Assigned task:
Would you return exactly the lines below from the line with "广州网球队在冠军赛中的团队协作展现出色值得赞赏 广州网球" through the line with "Bedroom, Bed in Eagle Hotel", both included, and nothing else, leaving out the pictures?
[[ Available data open ]]
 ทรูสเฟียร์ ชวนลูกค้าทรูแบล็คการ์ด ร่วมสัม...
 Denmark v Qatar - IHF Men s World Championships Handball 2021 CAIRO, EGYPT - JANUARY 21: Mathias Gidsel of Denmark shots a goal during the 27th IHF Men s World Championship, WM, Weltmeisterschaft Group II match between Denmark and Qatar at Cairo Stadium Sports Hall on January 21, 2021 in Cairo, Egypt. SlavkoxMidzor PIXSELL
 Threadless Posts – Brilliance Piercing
[[ Available data closed ]]
[[ Available data open ]]
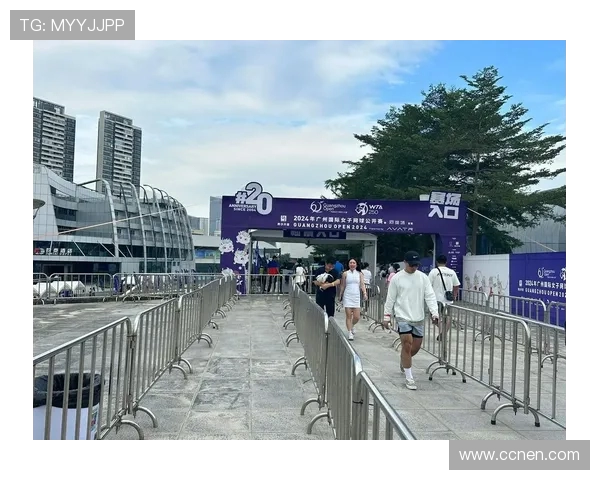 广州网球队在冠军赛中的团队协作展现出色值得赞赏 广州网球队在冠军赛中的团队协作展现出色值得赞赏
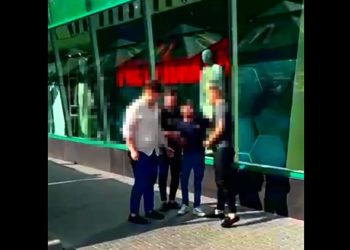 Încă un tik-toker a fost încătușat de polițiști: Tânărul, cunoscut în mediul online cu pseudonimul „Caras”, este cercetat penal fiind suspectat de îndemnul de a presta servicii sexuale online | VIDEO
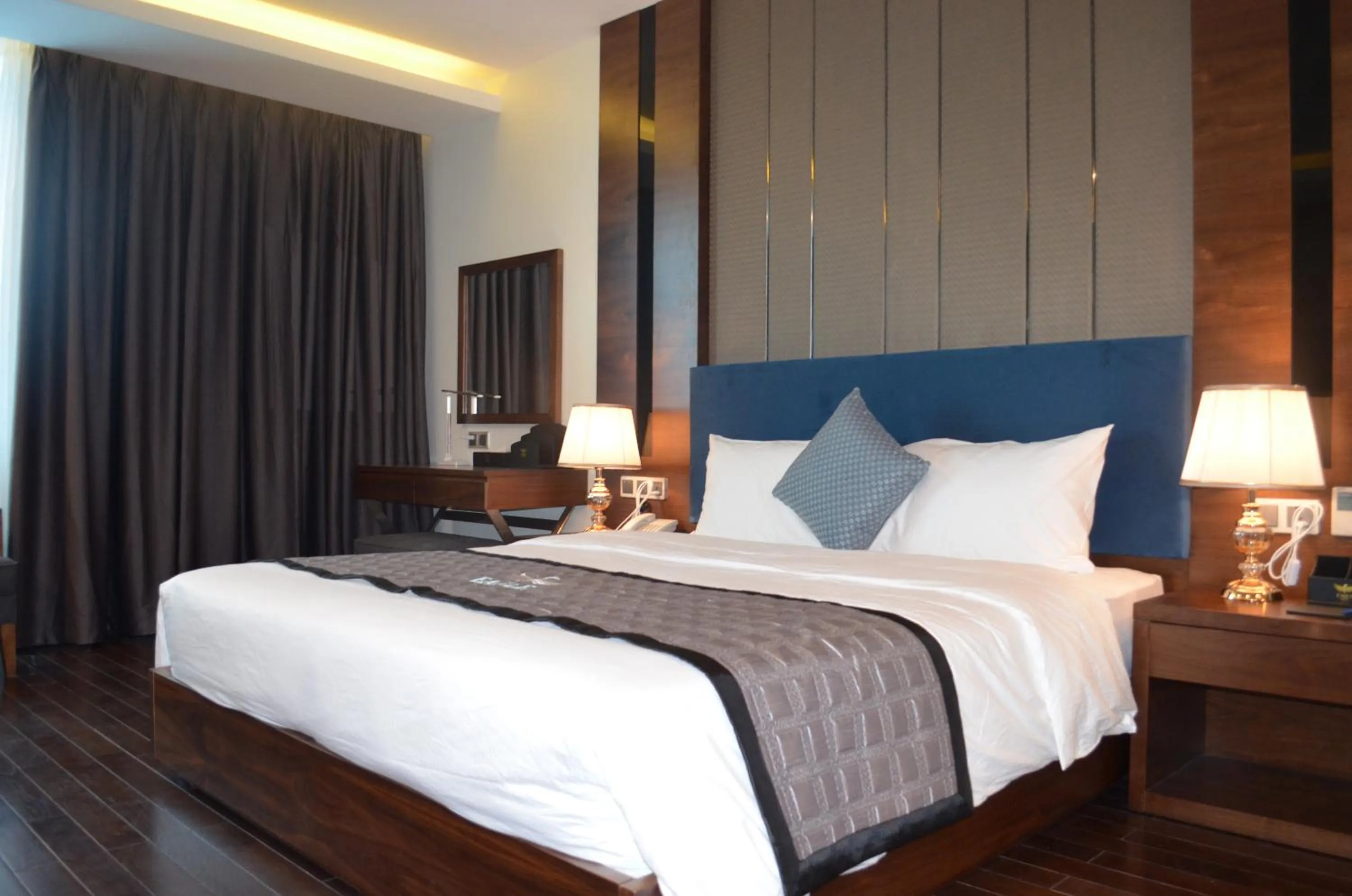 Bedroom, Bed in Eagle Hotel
[[ Available data closed ]]
[[ Available data open ]]
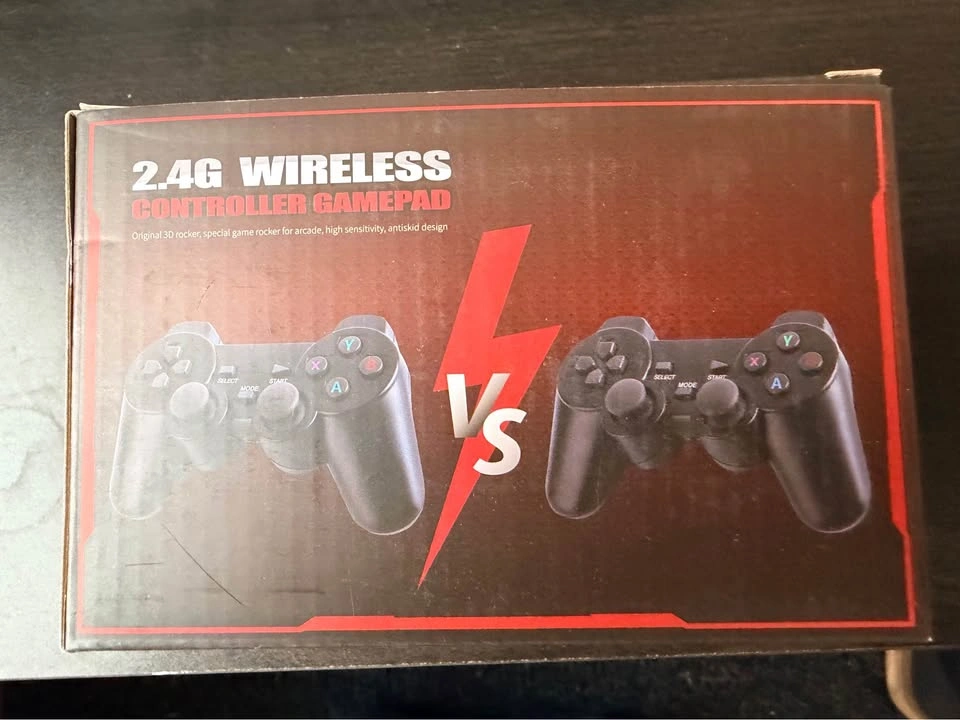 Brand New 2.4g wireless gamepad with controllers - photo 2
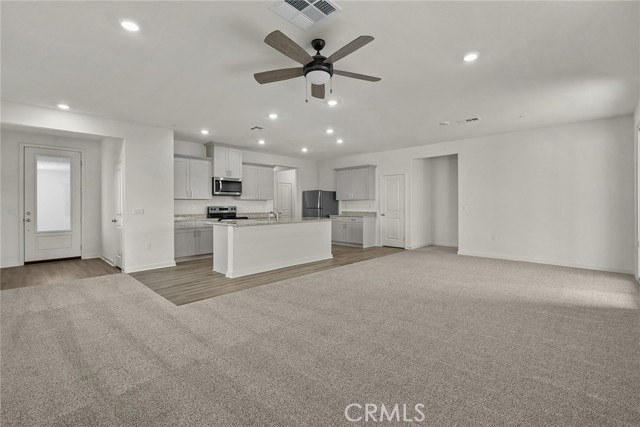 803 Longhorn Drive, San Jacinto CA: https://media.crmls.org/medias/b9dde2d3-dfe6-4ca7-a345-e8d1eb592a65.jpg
[[ Available data closed ]]
Answer area:
 广州网球队在冠军赛中的团队协作展现出色值得赞赏 广州网球队在冠军赛中的团队协作展现出色值得赞赏
 Încă un tik-toker a fost încătușat de polițiști: Tânărul, cunoscut în mediul online cu pseudonimul „Caras”, este cercetat penal fiind suspectat de îndemnul de a presta servicii sexuale online | VIDEO
 Bedroom, Bed in Eagle Hotel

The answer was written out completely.